Create an extension for storing WikiProject article assessment metadata in a database table via a parser function
Closed, ResolvedPublic13 Estimated Story Points
Actions

Assigned To

Authored By

	kaldari
	Oct 30 2015, 12:37 AM

Description

Right now WikiProject article assessment metadata is all stored in WikiText in templates on article talk pages (although some of it can also be accessed via categories). This means that there are no easy ways to query this data and it has to be aggregated and reported through scripts and bots.

Then each time the template was transcluded on an article talk page, it would add an entry into a table like so:

+-------------------------------------------------------------------------+
| Page       | Namespace  | Project    | Class   | Importance | Revision  |
+-------------------------------------------------------------------------+
| First aid  | 0          | Medicine   | C       | High       | 73264     |
+-------------------------------------------------------------------------+

It should also record a log entry each time an assessment is updated.

Once this table exists, developers (WMF or volunteer) can create tools that help WikiProjects organize their ratings.

Related Objects
Search...

Status	Assigned	Task
Resolved	None	T120219 PageAssessments deployment to WMF wikis
Resolved	Niharika	T120849 Write tests for page assessment tool
Resolved	Niharika	T117142 Create an extension for storing WikiProject article assessment metadata in a database table via a parser function

Event Timeline

kaldari created this task.Oct 30 2015, 12:37 AM

kaldari raised the priority of this task from to Needs Triage.

kaldari updated the task description. (Show Details)

kaldari added projects: Community-Tech, WikiProject-X.

kaldari subscribed.

Restricted Application added a subscriber: Aklapper. · View Herald TranscriptOct 30 2015, 12:37 AM

kaldari added a parent task: T117116: [DO NOT USE] Make life better for WikiProjects (tracking) [superseded by #WikiProject-tools].Oct 30 2015, 12:37 AM

Harej subscribed.Oct 30 2015, 12:40 AM

Ricordisamoa subscribed.Oct 30 2015, 11:18 AM

• DannyH triaged this task as Medium priority.Oct 30 2015, 4:29 PM

• DannyH moved this task from New & TBD Tickets to Older: Team Work on the Community-Tech board.

• DannyH set Security to None.

Harej moved this task from Needs Triage to Requests on the WikiProject-X board.Nov 5 2015, 1:36 AM

If portability between projects is a concern, I would recommend using a term other than "WikiProject," which as far as I know is only used on a handful of Wikimedia projects (and is itself a fairly ambiguous term if you don't already know what it means). I would recommend something like "editorial review".

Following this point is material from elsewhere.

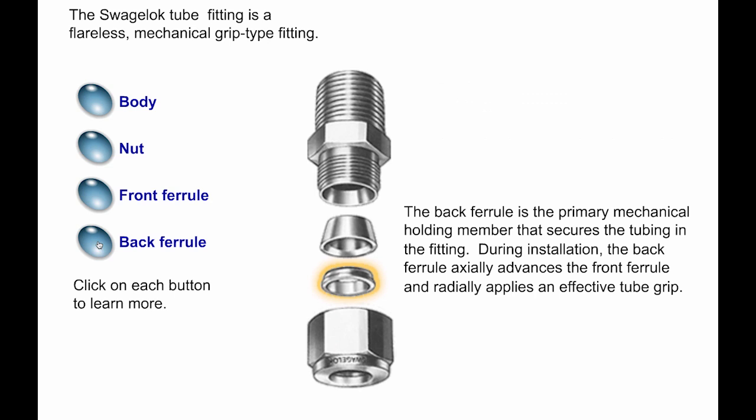The back ferrule is the primary mechanical holding member that secures the tubing in the fitting. During installation, the back ferrule axially advances the front ferrule and radially applies an effective tube grip.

We should talk to WikiProject (or equivalent) users on non-English Wikipedia sites to see what would work best for them (as far as what metadata to store), but we need to make sure we keep it simple as this could easily spiral into Wikidata-lite.

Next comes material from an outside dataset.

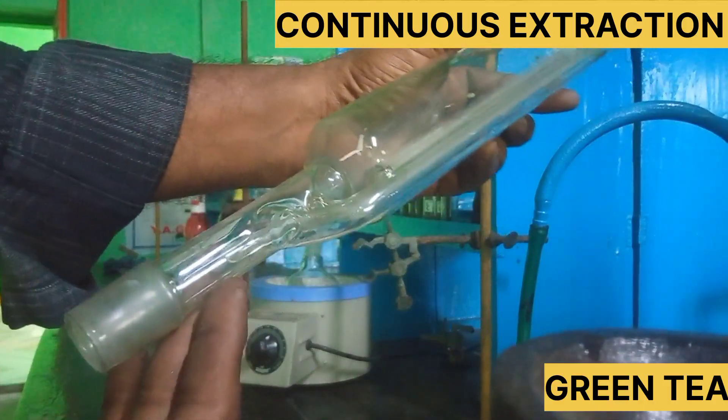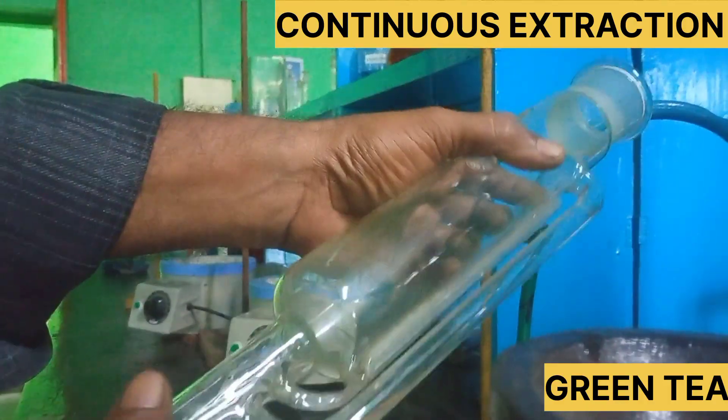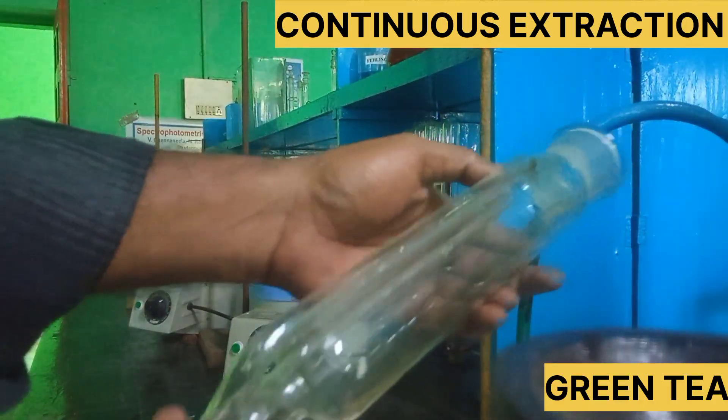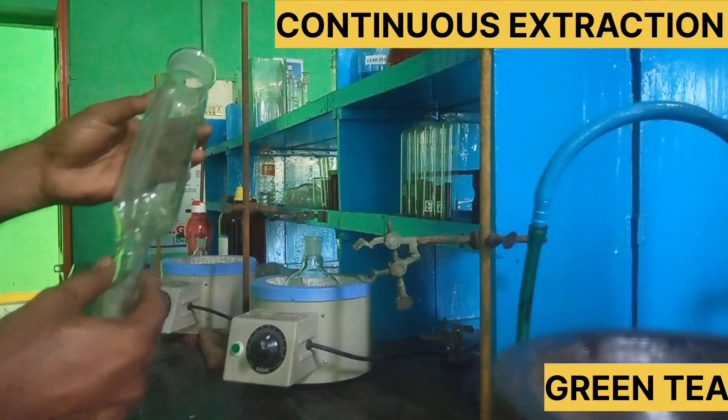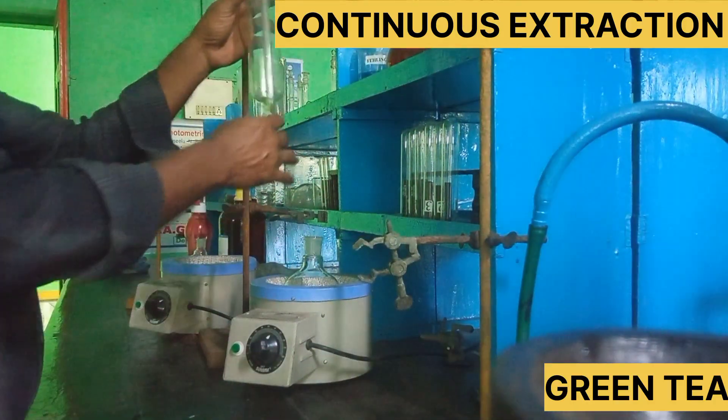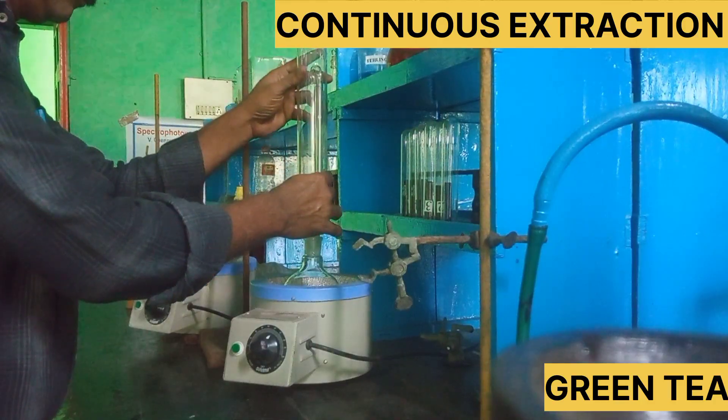This is a Soxhlet apparatus. There are two side tubes — one side tube carries the solvent. A small side tube is for the solvent, and the excess solvent is used in the container.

Assessment for prioritization:
Support: Medium (came out of discussions with WikiProject X, but unclear how much demand there is for this outside of en.wiki)
Feasibility: Medium (fairly clear scope, but involves creating a new extension and probably a new database table)
Impact: High (would replace a lot of existing bot/script functionality like WP1.0 Bot, and would be available to all projects)
Risk: Medium (need to make sure that it will work for all projects, but need to keep scope under control)

Priority: Normal

• DannyH moved this task from Older: Team Work to Needs Discussion on the Community-Tech board.Nov 5 2015, 6:48 PM

@Harej: Do you know any community folks who are active in non-English Wikipedia WikiProjects that we could talk to?

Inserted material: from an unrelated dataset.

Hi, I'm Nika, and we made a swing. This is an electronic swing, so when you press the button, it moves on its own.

• DannyH mentioned this in T116093: Investigation: What can we do for WikiProjects?.Nov 5 2015, 10:57 PM

This was my GSoC project years ago (https://www.mediawiki.org/wiki/User:Yuvipanda/GSoC) and https://phabricator.wikimedia.org/diffusion/SVN/browse/trunk/extensions/SelectionSifter/ is the code. Not sure how much of it is useful, however!

@yuvipanda: Do you think that using a parser function (rather than encoding data in the HTML and reparsing it out), is a good solution? I imagine it might have a tiny negative effect on parsing performance, but since assessment templates are only included on talk pages, I don't think anyone would notice.

• DannyH updated the task description. (Show Details)Nov 6 2015, 12:11 AM

Halfak subscribed.Nov 6 2015, 12:15 AM

Looks like a great idea to me. I'm going to describe a niche use-case that is probably out of scope, but I figured it may be valuable to record it in case it's easy to lump on.

I've been building machine learning models to predict quality assessments. I use the current template systems as training data for the models. In order to do this effectively, I need to work out which revision of what page was assessed. This is complex and error-prone due to the inconsistent use of templates and the presence of the template of the talk page. There are a surprising amount of *broken redirects* that get assessed as Featured Articles in English Wikipedia if you follow that strategy naively. ;)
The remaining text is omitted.